Emerging research underscores the substantial link between gut flora and various inflammatory skin diseases. We hypothesize that there exists a complex gut-skin axis, possibly affecting the progression of conditions such as eczema, acne, psoriasis, and rosacea. However, the precise nature of the causal connection between gut flora and skin diseases remains unestablished. In this study, we started by compiling summary data from genome-wide association studies (GWAS) featuring 211 unique gut microbiota and four types of skin conditions. We scrutinized these data across different taxonomic strata. Subsequently, we leveraged Mendelian randomization (MR) to ascertain if there is a causal link between gut microbiota and these skin conditions. We also performed a bidirectional MR analysis to identify the causality's direction.
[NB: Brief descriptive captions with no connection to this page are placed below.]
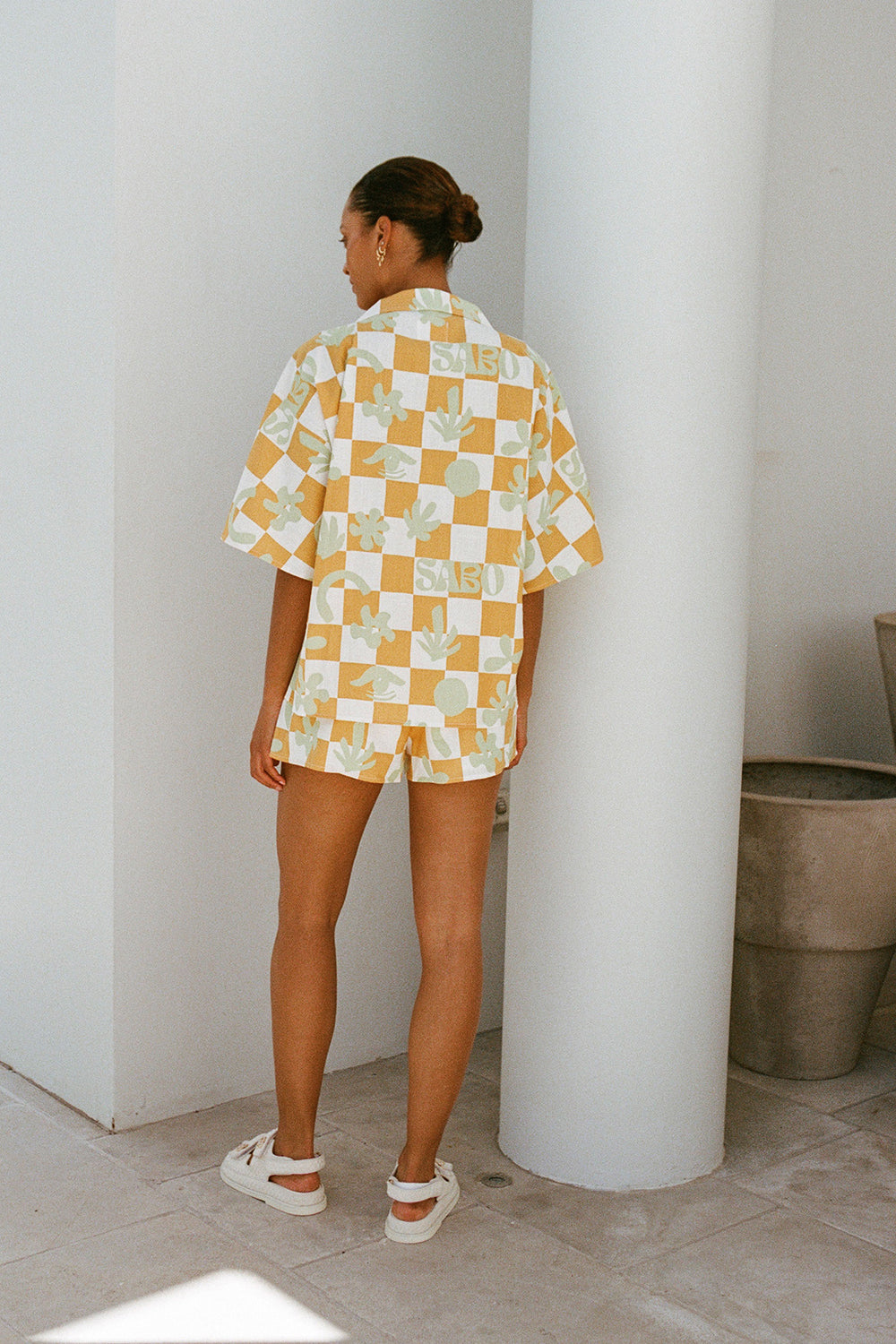 Sabo Exclusive Checkerboard Print Relaxed Seona Top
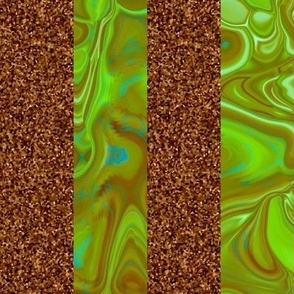 CSMC1 -  Glitzy Marbled Stripes in Rusty Brown, Lime and Olive Greens - wide stripes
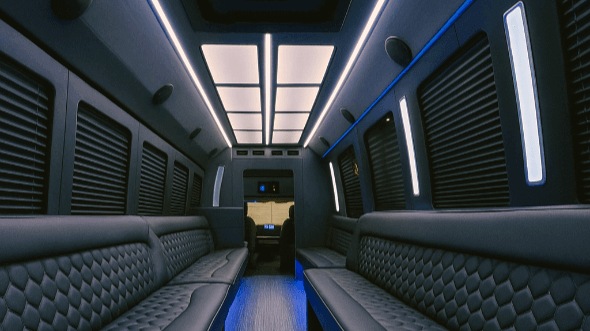 New Hampshire 40 passenger party bus interior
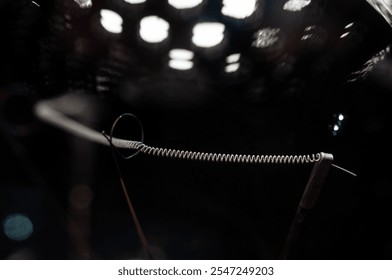 A close-up in black and white shows a thin filament in a dark light bulb with a blurred background. - Powered by Shutterstock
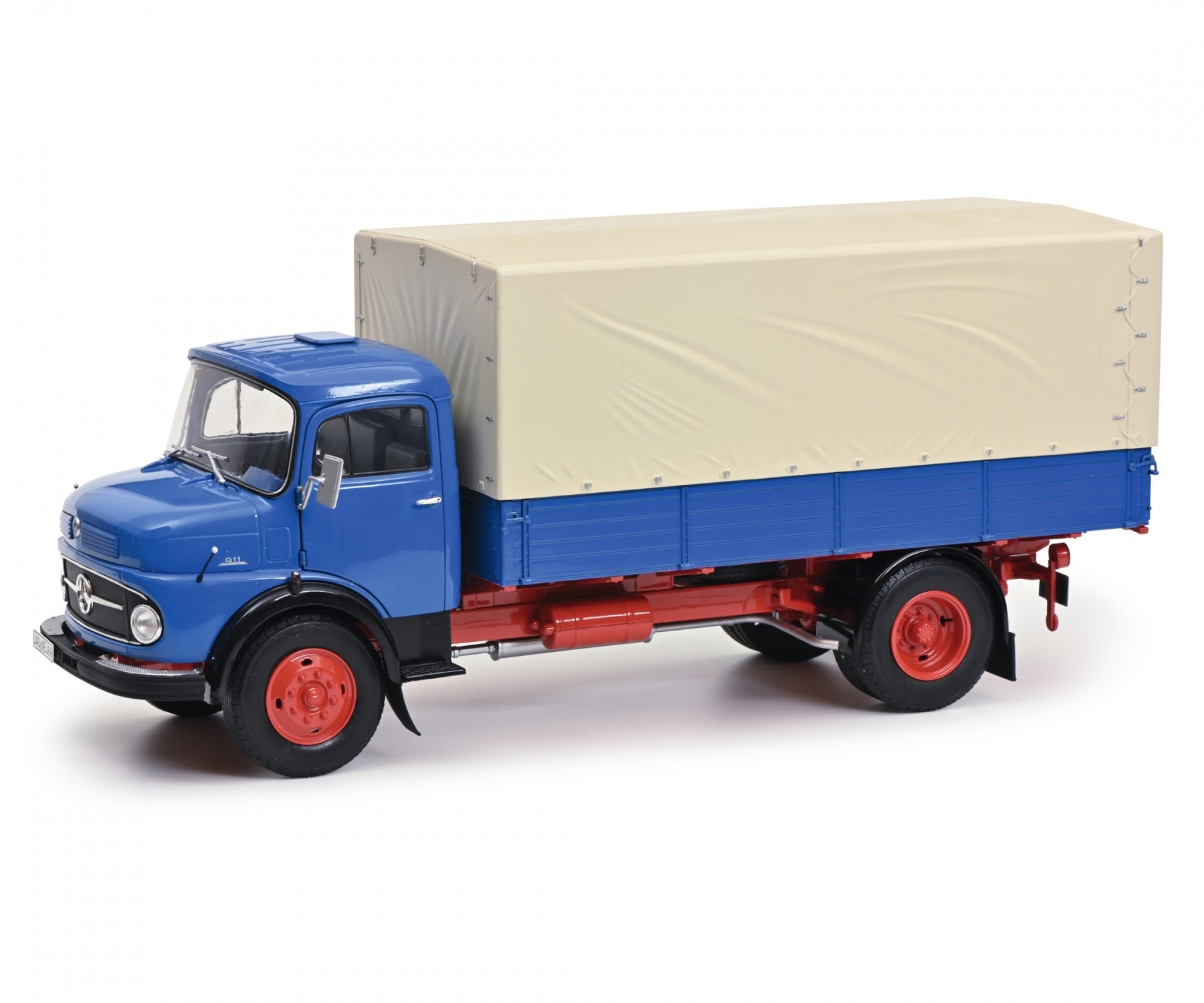 Schuco 1:18 Mercedes-Benz L911 Flatbed + Tarpaulin Truck Blue 450044800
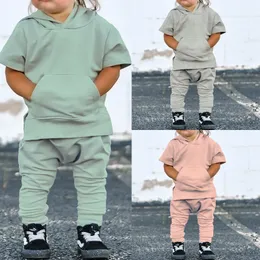 2 szt. Letnie ubrania dla niemowląt Zestawy Ubrania dla noworodków Dziewczyny Solidna bluza z kapturem+spodnie chłopcy strój 1-7y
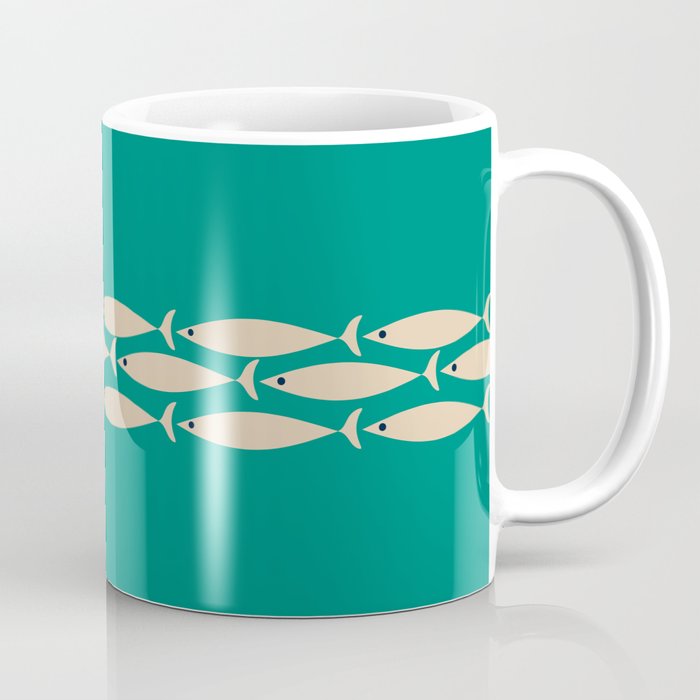 Fish Stripe III - Midcentury Modern Minimalist Beige and Teal Coffee Mug Gallery Image 1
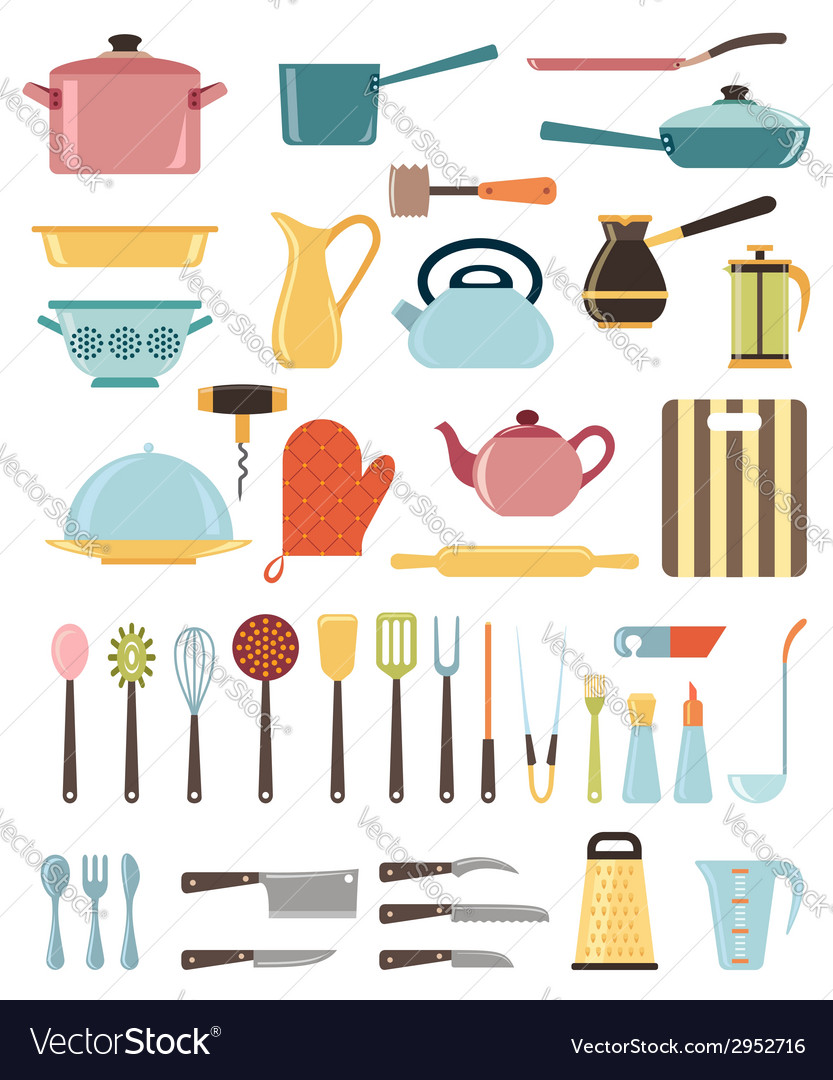 Set of kitchen utensil and collection cookware Vector Image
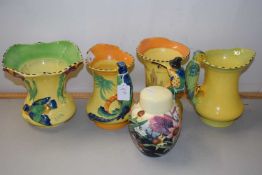 Collection of Burleigh ware and other decorative ceramics to include three jugs, a vase and a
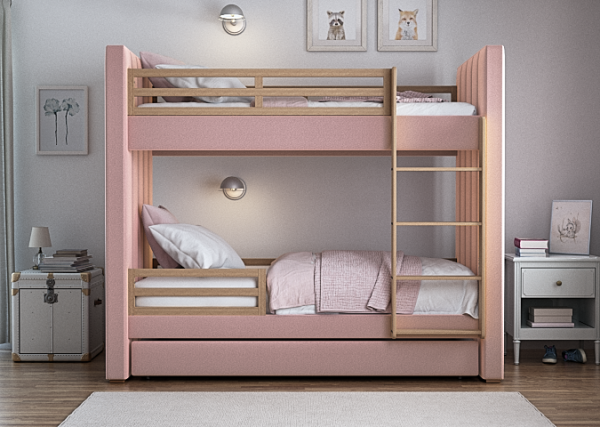 Кровать двухъярусная Cosy антивандальная ткань (розовый) — изображение 4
By utilizing Mendelian randomization, we identified 26 causal connections between the gut microbiome and four recognized inflammatory skin conditions, including 9 positive and 17 negative causal directions. Additional sensitivity analyses of these results revealed no evidence of pleiotropy or heterogeneity. Our MR analysis suggests a causal connection between gut microbiota and skin diseases, potentially providing groundbreaking perspectives for future mechanistic and clinical studies on microbiota-affected skin conditions.